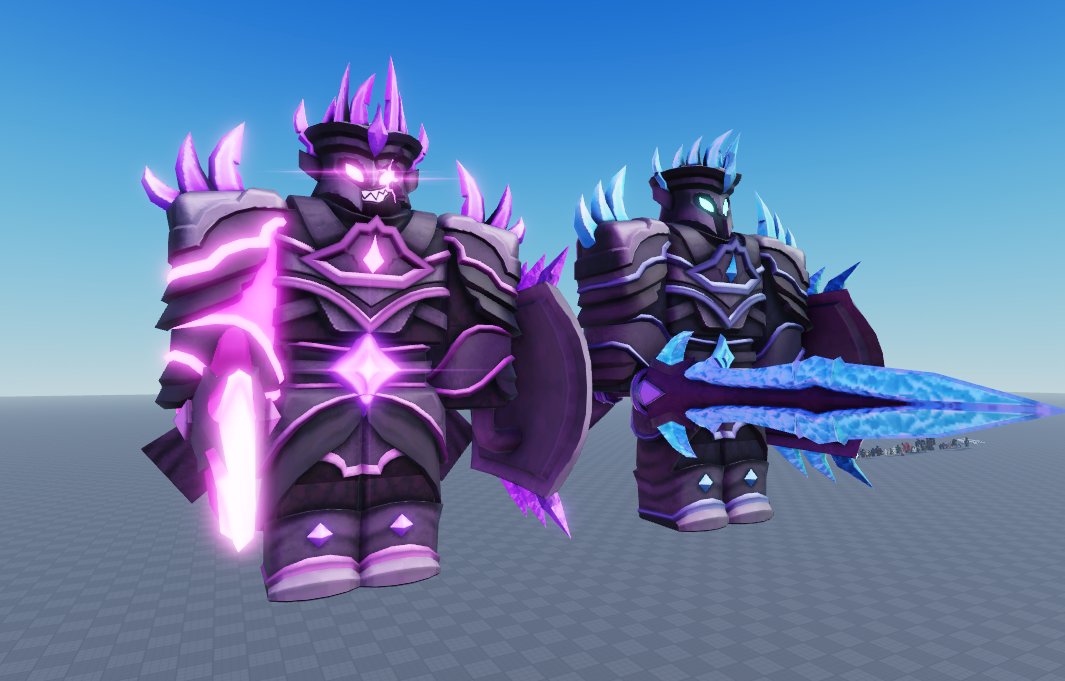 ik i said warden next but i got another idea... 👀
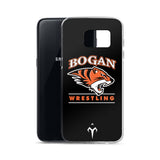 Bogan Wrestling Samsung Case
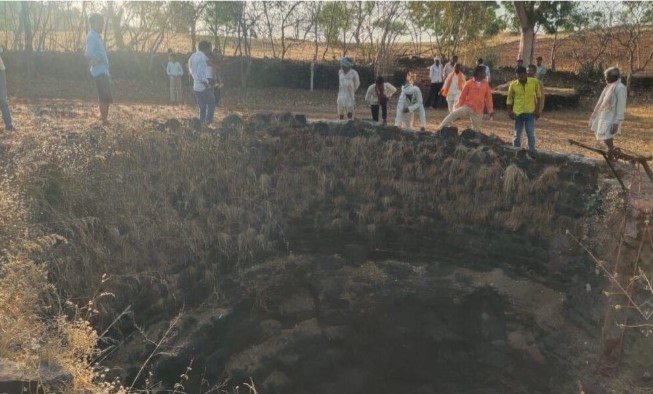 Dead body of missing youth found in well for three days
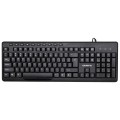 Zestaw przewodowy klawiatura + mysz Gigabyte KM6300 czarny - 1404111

Assigned task: Reproduce precisely the lines of the listing above, from the line containing "Dead body of" to the last line, both ends included. Pictures are to be omitted.

Answer below:
 Dead body of missing youth found in well for three days
 Zestaw przewodowy klawiatura + mysz Gigabyte KM6300 czarny - 1404111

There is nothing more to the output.